Это был младший брат; с братьями прадед был вообще чужд и далек, но Андрея он когда-то любил больше других. «Что он понимает!» – с возмущением думал сперва прадед о его письме, о его праве решать судьбу дочери, но ему вспомнился тот вечер, когда все вернулись с богомолья из подгородного монастыря, а брата Андрея не было. Мать плакала, а братья равнодушно успокаивали ее: «Найдется, не золото». Все ушли из комнаты, а мать сидела одна за столом, и сальная свеча заплыла, чадила, и огонек колебался и двигался, как золотой паучок. Мать плакала. Он вошел к ней уже поздно ночью, а она все так же сидела, и только свеча уже тухла, догорев до конца. «Матушка, вы бы шли спать, – сказал он, – утро вечера мудренее». А мать, услышав его, заплакала еще громче и сказала: «Да ведь сердце-то спать не уложишь. Болит. Кровный ведь». У Андрея был высокий грудной голос, и он любил петь. Перед уходом же и петь перестал. Только потом это вспомнили; в этом примета была, что не жилец он дома.

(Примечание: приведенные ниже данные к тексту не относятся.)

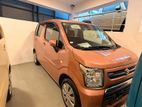 Suzuki Wagon R FX PETROL 2025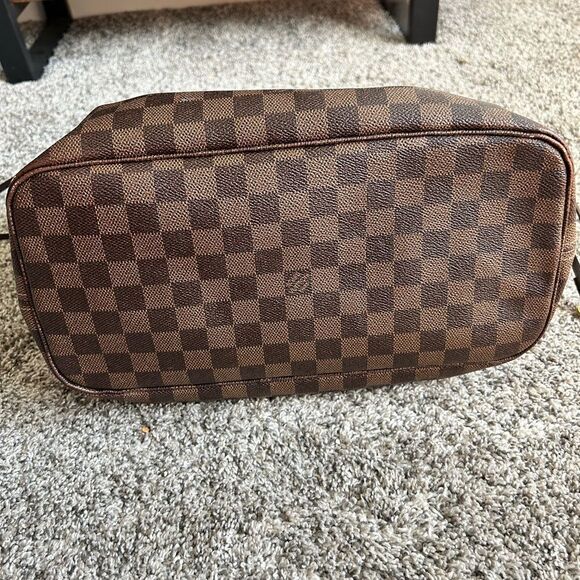 Louis Vuitton MM Neverfull Set - Picture 16 of 16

Прадед попробовал представить себе Афон: горы, море, монахов, и между ними брата, – но брат оказывался между ними в синей рубахе, в которой ходил дома, русоволосый, с кроткими серыми глазами и высоким лбом, с зеленым шелковым пояском, плетенным матерью, в небольших сапожках; вспомнил картинку: гора с двумя зубцами, а над ней Царица Небесная и корабли плывут к горе по волнам, – но представить не мог. Все было в тумане.
– Помилуй мя, Боже, помилуй мя! – великопостным распевом, как на ефимонах, пропел он. Он тосковал.
Он развернул Псалтырь и прочел неполную кафизму, но и она была далеко от него, как двузубчатая гора.
Наутро он встал чем свет и неприметно вышел из дома. Он пошел в монастырь и, стоя за ранней обедней, внимательно смотрел, как служит священник, как проходят, кланяются и молятся монашки, слушал, как они поют, как читают поминанье, следил, не коптят ли лампадки, не оплывают ли свечи, посмотрел, какого воску продают свечи и почем свечи, про священника подумал: «Спешит!» – пенье монашенок похвалил про себя, при чтении часов заметил: «Бисер нижет», «Кланяются низко и чинно и хвостом не виляют». Лампадки нашел, что чисты, и воск берегут: свечам не дают оплывать, лишнее гасят, свечнице полестил про себя: «Умная: свечи предлагает сначала подороже: „Вам за десять? – спросит, а потом уж, выждав, прибавит: – Есть и в пять, и в три“». Но больше всего ему понравилась игуменья: как стала на свое место, так ни разу к ручкам кожаным не притронулась локтем, по сторонам головы не повела – а всё видит, и все видят, что она всё видит. И молится хорошо, попросту. «Княгиня», – твердил он про себя.